Selon Alexia van Eyll (galerie Nino Mier, Los Angeles, Bruxelles, Marfa), « pour ce début de foire, ce n’est pas encore la foule sans doute attendue, mais heureusement nous ne voyons que des gens réellement intéressés et intéressants, avec lesquels nous avons l’occasion de vraiment pouvoir discuter des œuvres ». Pour Alex Reding (galerie Nosbaum Reding, Luxembourg et Bruxelles),« cette première journée s’est bien passée, surtout avec nos jeunes artistes (Gladys Bonnet, Max Coulon, William Grob, Sophie Kitching, Sophie Ullrich) et aussi pour la galerie, qui avait fait le pari de la jeunesse, comme jamais sur une foire. Cela a donné un bel élan, autant pour ces artistes que pour la galerie ». La journée s’est bien terminée pour de nombreux exposants, à l’instar de la galerie Ceysson & Bénétière (Paris, Lyon, Saint-Étienne, Luxembourg, New York) qui a annoncé un chiffre d’affaires de près de 800 000 euros.
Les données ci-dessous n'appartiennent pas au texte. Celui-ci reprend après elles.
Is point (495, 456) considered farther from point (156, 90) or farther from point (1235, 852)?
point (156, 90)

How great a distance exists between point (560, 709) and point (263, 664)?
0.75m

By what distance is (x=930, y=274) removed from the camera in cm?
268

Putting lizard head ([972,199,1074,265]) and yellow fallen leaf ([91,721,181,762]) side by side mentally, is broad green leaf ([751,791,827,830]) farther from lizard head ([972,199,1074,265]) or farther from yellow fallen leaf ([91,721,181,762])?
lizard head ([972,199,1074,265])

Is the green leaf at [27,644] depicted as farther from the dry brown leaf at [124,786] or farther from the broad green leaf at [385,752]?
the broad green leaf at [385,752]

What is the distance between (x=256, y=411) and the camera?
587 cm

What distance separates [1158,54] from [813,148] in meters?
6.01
Si la peinture occupe une place prépondérante cette année, la photographie et la vidéo sont quasi absentes, « remplacées » en quelque sorte par la céramique (déjà présente précédemment) et surtout par les structures textiles, tant dans les sections Rediscovery et surtout Discovery, en passant par le secteur principal, comme celles de William Kentridge chez Lia Rumma (Milan) affichées à 250 000 euros.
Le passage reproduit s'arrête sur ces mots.